Work instruction >>
Without copying any picture, transcribe exactly the lines of the data below from the one containing "cf12-matita-bicolore-873-117500-1.jpg" through the one containing "Mercedes-Benz B 250 B 250 e Progressive".

Records for the exercise >>
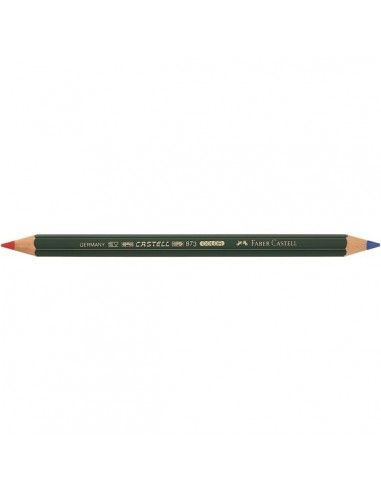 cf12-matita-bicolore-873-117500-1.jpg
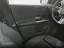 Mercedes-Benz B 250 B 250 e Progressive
* * *
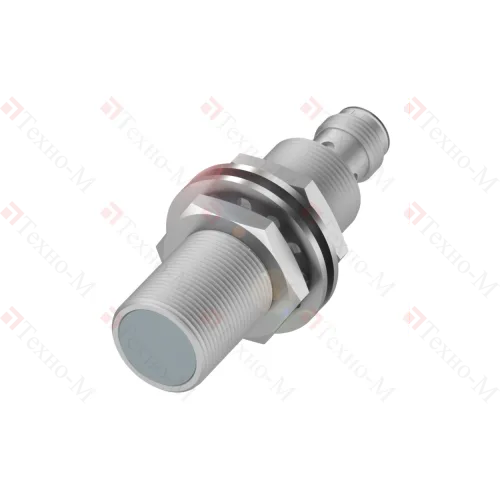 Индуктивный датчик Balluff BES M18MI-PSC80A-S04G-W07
* * *
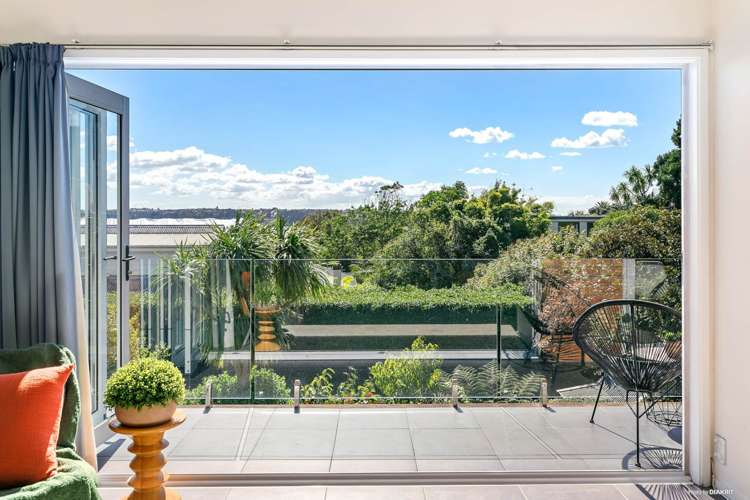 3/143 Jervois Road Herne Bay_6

Answer box >>
 cf12-matita-bicolore-873-117500-1.jpg
 Mercedes-Benz B 250 B 250 e Progressive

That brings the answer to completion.